Back when I had Kiddo1, my mother told me not to try being a perfect mother, but instead to be a good-enough mother. Since there are no perfect mothers, you’d pretty much kill yourself trying to live up to the standard. The advice sounds good, and I think the theory is sound, but of course we never know what’s good-enough. You can always find a way you fell short.
At church, the homily was about God as a perfect parent, and the priest (who, I might add, has no biological children) said something about how we can see glimmers of God’s perfect parenting in the parenting we see around us. My reaction to that is always to compare myself to “a perfect parent” and of course we get the big “SURVEY SAYS….X.”

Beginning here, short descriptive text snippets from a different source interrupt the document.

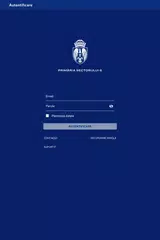 Descargar XAPK de eSector 6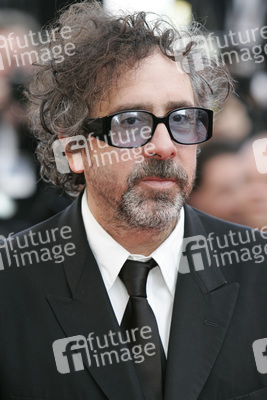 Filmpremiere 'Biutiful', Cannes Film Festival 2010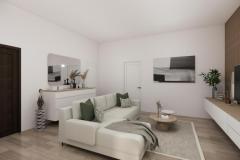 Villa for sale Ciudad Quesada Alicante, Spain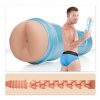 Masturbátor Boys Brent Corrigan Bliss Fleshjack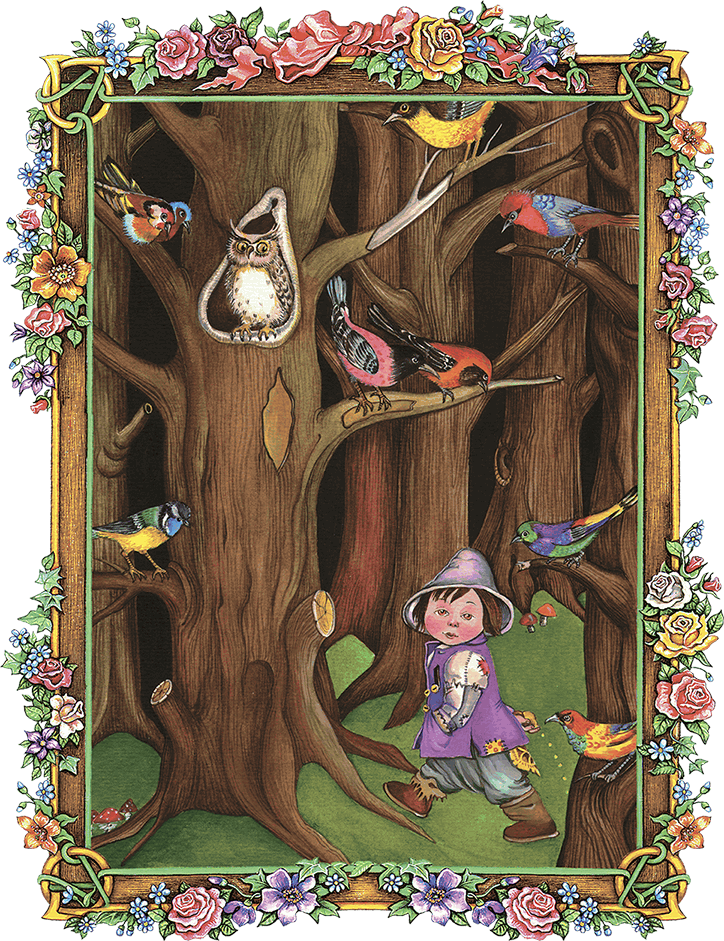 Золотая книга сказок - i_024.png
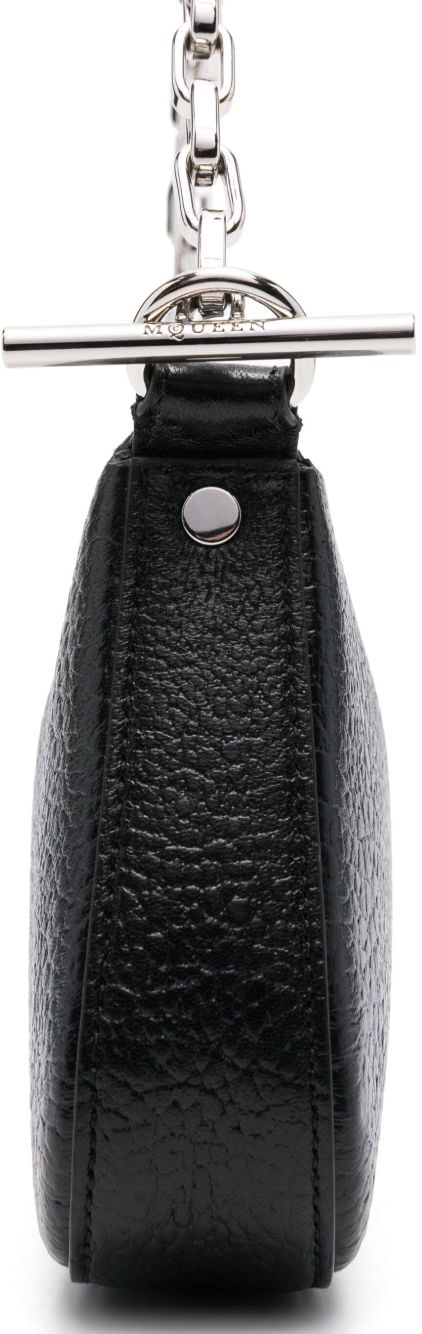 Bags Black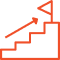 Icon - Scale Without Stress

Today, though, it struck me: when I picture a “perfect parent,” I also picture a perfect child. These perfect parents in my head are painting at the kitchen table, or doing crafts, or going for long walks in the park, and the child is pliant, clean, cheerful, well-rested. I don’t picture the perfect parent dealing with a child who’s screaming “I HATE YOU ALL!” because he can’t find his left sneaker, or a child who’s still on the couch twenty minutes after saying she’ll set the table. I’m certainly not picturing the perfect parent dealing with a child who’s destroying someone’s property during a meltdown or being physically violent.
If God is a perfect parent, and none of us are perfect…well, the conclusion here is that I’m missing the point. That the state of the child is not a verdict on the state of the parenting. Because if God is the parent to us all, and people are people (think of the person who infuriates you the most, or the person whose behavior leaves you shaking your head) then there’s something more to perfect parenting than rearing perfect children with their loving smiles and their clean clothes and their crafts at the kitchen table. In other words, perfection is in the loving response to the child rather than the child as a product.
I haven’t processed this yet. Feel free to tell me where I’ve missed the boat.